Procédure devant la cour
Par une requête enregistrée le 26 décembre 2018 et des mémoires enregistrés le 2 mai et le 31 juillet 2019, la SCI Laubilie, représentée par Me A..., demande à la cour :
1°) d'annuler ce jugement du tribunal administratif de Lyon du 24 octobre 2018 ;
2°) d'annuler la décision du maire de la commune de Loire-sur-Rhône refusant de rétablir le double sens de circulation sur l'avenue de la Gare du 3 avril 2017, qui s'est substituée à sa décision implicite ;
3°) de condamner la commune de Loire-sur-Rhône à lui verser une indemnité d'un montant de 978 936 euros, à parfaire, outre intérêts et capitalisation de ces intérêts en réparation du préjudice subi ;
4°) d'enjoindre au maire de la commune de Loire-sur-Rhône de rechercher sous quinze jours une solution pour rétablir son droit d'accès à la voie publique ;
5°) de mettre à la charge de la commune de Loire-sur-Rhône une somme de 2 000 euros en application des dispositions de l'article L. 761-1 du code de justice administrative.
Elle soutient que :
- la commune n'établit pas que la modification du sens de circulation de l'avenue de la Gare était justifiée par des motifs de protection du domaine ou des considérations liées à l'ordre public ;
- les véhicules d'un gabarit important doivent effectuer des manoeuvres dangereuses et l'accès des poids-lourds à son établissement n'est pas possible ;
- les bâtiments implantés sur sa propriété sont à usage d'activités des secteurs secondaire ou tertiaire et impliquent que des poids-lourds puissent y accéder ;
- elle ne dispose d'aucun autre accès et d'autres mesures moins contraignantes auraient pu être envisagées ;
- elle subit un préjudice anormal et spécial qui doit être évalué à la somme de 978 936 euros dès lors qu'elle n'a pu louer ses locaux depuis le départ du dernier locataire le 30 avril 2011.
Par des mémoires enregistrés le 18 avril et le 9 juillet 2019 et le 3 février 2020, ce dernier non communiqué, la commune de Loire-sur-Rhône, représentée par Me C..., conclut au rejet de la requête et demande à la cour de mettre une somme de 2 500 euros à la charge de la SCI Laubilie en application des dispositions de l'article L. 761-1 du code de justice administrative.
Elle soutient que les moyens soulevés par la société requérante ne sont pas fondés.
Par une ordonnance du 9 janvier 2020, l'instruction a été close au 3 février 2020.
Vu les autres pièces du dossier ;
Vu :
- le code général des collectivités territoriales ;
- le code de la voirie routière ;
- le code de justice administrative ;
Les parties ayant été régulièrement averties du jour de l'audience ;
Après avoir entendu au cours de l'audience publique :
- le rapport de M. B...,
- les conclusions de Mme D...,
- et les observations de Me A..., représentant la SCI Laubilie et celles de Me C..., représentant la commune de Loire-sur-Rhône ;
Considérant ce qui suit :
1. La S.C.I. Laubilie est propriétaire d'un terrain situé au droit de la route nationale 86, devenue RD 386, dénommée route de Beaucaire, sur le territoire de la commune de LoiresurRhône, sur lequel sont édifiés des locaux à usage d'activités des secteurs secondaire ou tertiaire.
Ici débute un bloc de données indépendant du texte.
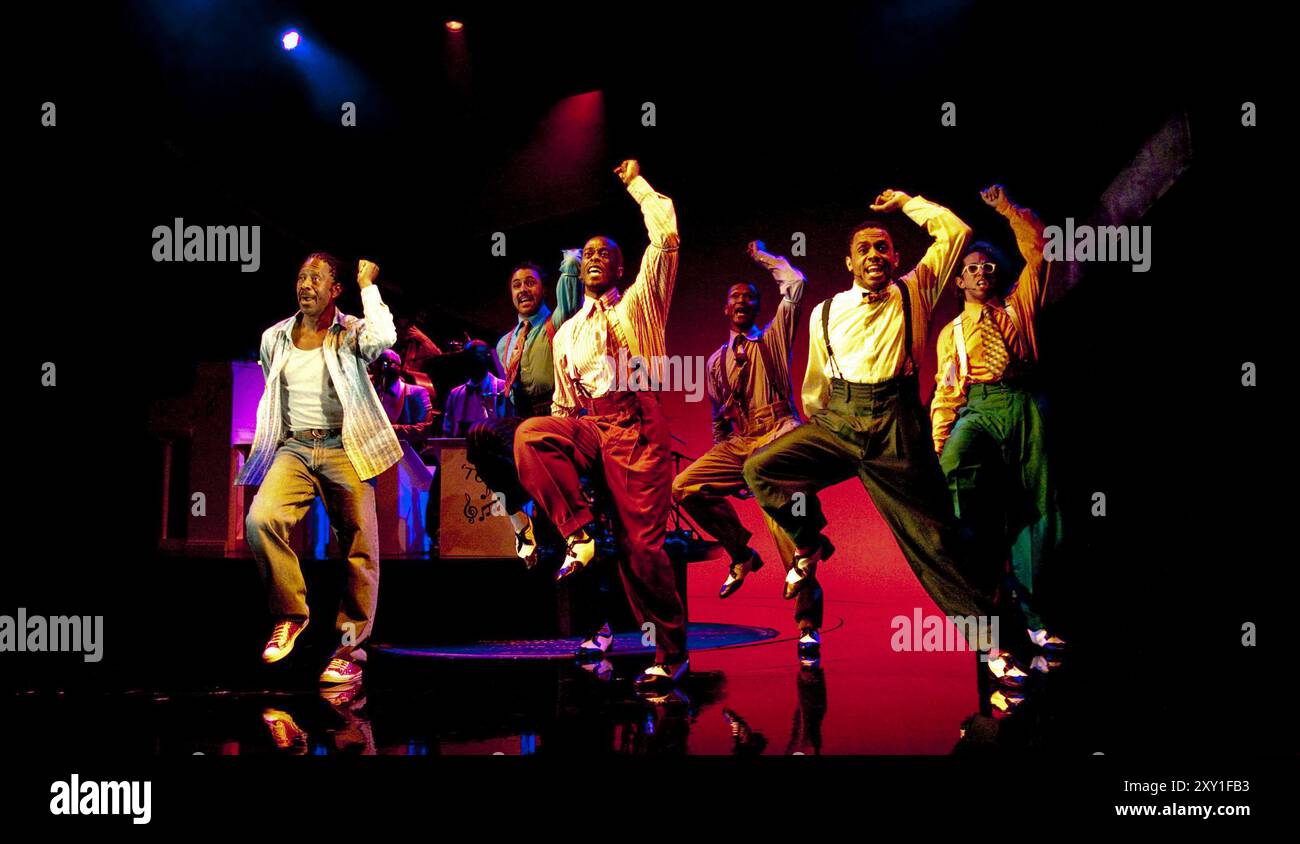 l-r: Clarke Peters (Nomax), Christopher Colquhoun (Big Moe), Horace Oliver (Know Moe), Paul Hazel (Eat Moe), Ashley Campbell (Little Moe), Carlton Connell (Four Eyed Moe) in FÜNF JUNGS NAMENS MOE im Theatre Royal, Stratford E15 07/09/2010 Buch: Clarke Peters Musik: Louis Jordan Design: Jon Bausor Beleuchtung: Philip Gladwell Choreographie: Paul Randford Choreographie: Paul Randford Stockfoto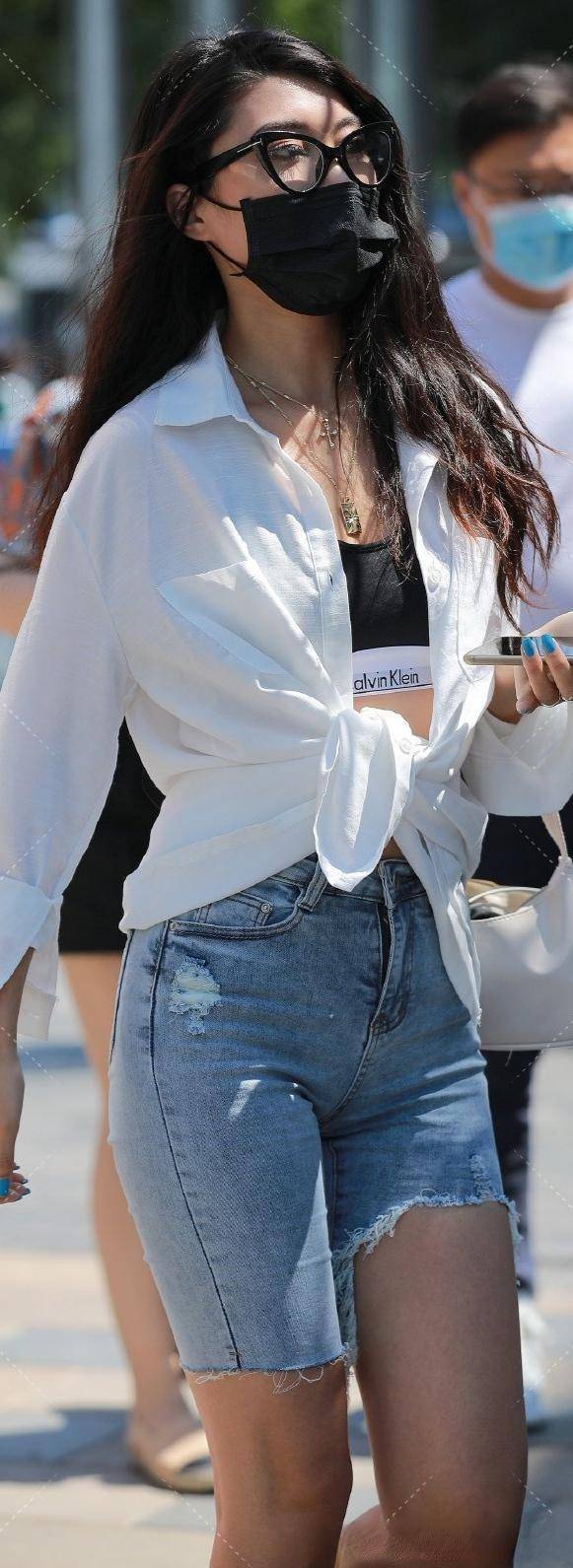 黑色|潮流修身的打底裤展现出完美的身形，散发无穷魅力，穿出精致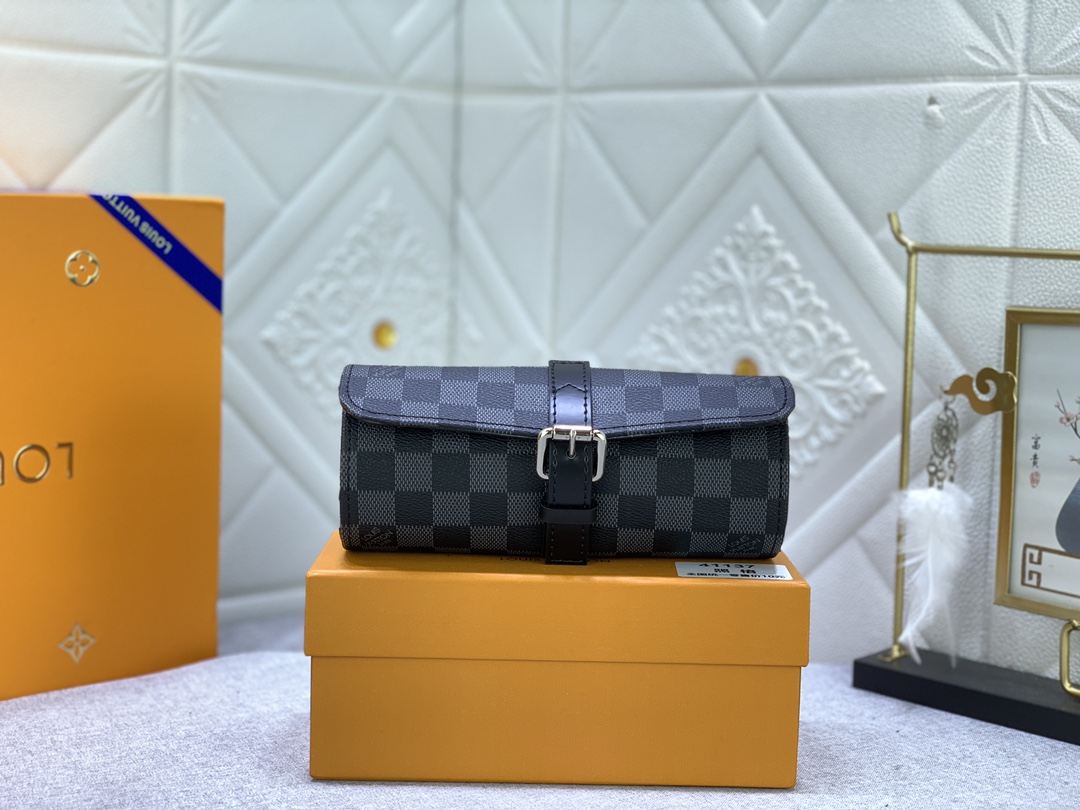 Louis Vuitton M47530 (8) 20 x 8 x 8 cm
Par un courrier du 23 janvier 2017, la SCI Laubilie a demandé au maire de la commune de Loire-sur-Rhône de rétablir la circulation à double sens sur l'avenue de la Gare qui dessert sa propriété et de l'indemniser du préjudice correspondant aux pertes de loyers qu'elle dit subir depuis 2002, année d'instauration d'un sens unique de circulation sur l'avenue de la Gare. La SCI Laubilie relève appel du jugement du 24 octobre 2018 par lequel le tribunal administratif de Lyon a, d'une part, rejeté sa demande d'annulation de la décision du 3 avril 2017 du maire, substituée au refus implicite initial, rejetant cette demande, et d'autre part, ses conclusions indemnitaires.
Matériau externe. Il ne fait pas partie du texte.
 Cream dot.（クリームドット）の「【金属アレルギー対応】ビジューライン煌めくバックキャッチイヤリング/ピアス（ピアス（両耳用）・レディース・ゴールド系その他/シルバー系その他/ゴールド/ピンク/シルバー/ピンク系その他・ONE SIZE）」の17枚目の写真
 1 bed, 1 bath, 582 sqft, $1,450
Sur les conclusions à fin d'annulation :
2. Il ressort des pièces du dossier qu'en 2002 la commune de Loire-sur-Rhône et les services de l'Etat ont réalisé des aménagements sur la RN 86 qui se sont accompagnés de l'instauration d'un sens unique de circulation sur la voie qui permet d'accéder à la gare et à la propriété de la SCI requérante depuis la RN 86. Ces aménagements avaient pour objet d'améliorer la sécurité publique, notamment en évitant le croisement de véhicules et le débouché de deux accès très proches sur la RN. Ils ont également permis d'interdire aux automobilistes souhaitant se rendre place de la Gare en venant du nord de couper la voie de circulation en sens inverse de cette route, située dans un secteur densément urbanisé et très fréquentée. La seule circonstance que d'autres aménagements auraient pu alors être envisagés et réalisés ne suffit pas à établir que la solution alors retenue ne serait pas adaptée à la configuration des lieux. Le maintien de cet aménagement apparaît ainsi motivé par un souci de sécurité.
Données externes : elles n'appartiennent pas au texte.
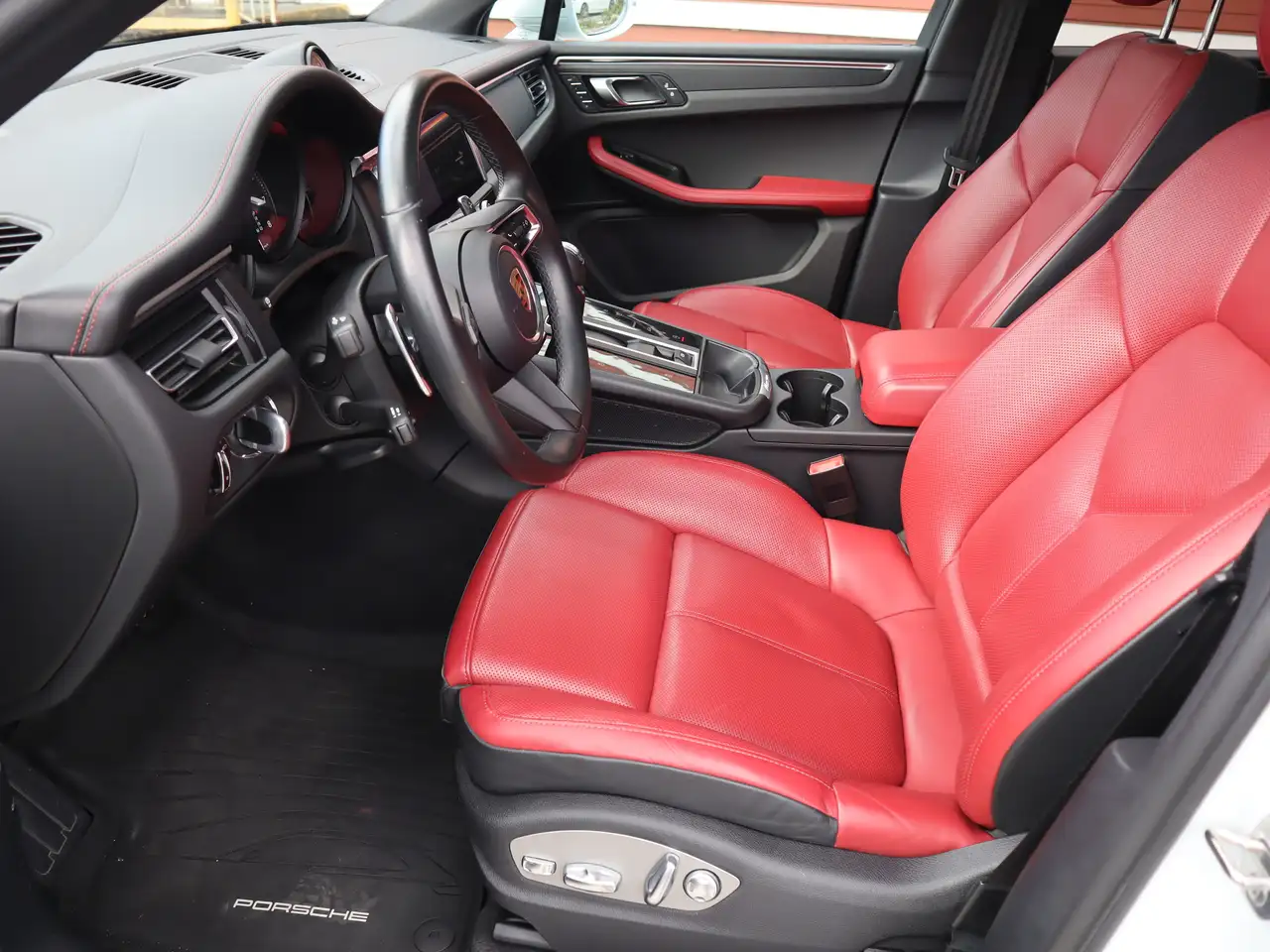 Porsche Macan снимка Porsche Macan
3. S'il ressort des pièces du dossier, et notamment des constats d'huissier produits par la requérante elle-même, que les conditions de circulation et surtout de manoeuvre des véhicules poids-lourds, notamment ceux articulés, sont devenus plus délicates compte tenu de la configuration des lieux et des règles de circulation, la SCI Laubilie n'a cependant pas été privée du droit d'accéder à sa propriété, dès lors que seul l'accès des poids-lourds d'un grand gabarit est rendu plus difficile. La circonstance que la propriété de la société requérante ne disposerait ni en fait ni en droit d'un accès alternatif est ainsi sans incidence sur la légalité de la décision contestée. Si l'accès à ce tènement est par ailleurs rendu plus difficile du fait de la présence de véhicules stationnés à proximité de la gare, en dehors des emplacements prévus à cet effet, il est cependant loisible à la société de solliciter du maire qu'il fasse usage de ses pouvoirs de police administrative en matière de stationnement.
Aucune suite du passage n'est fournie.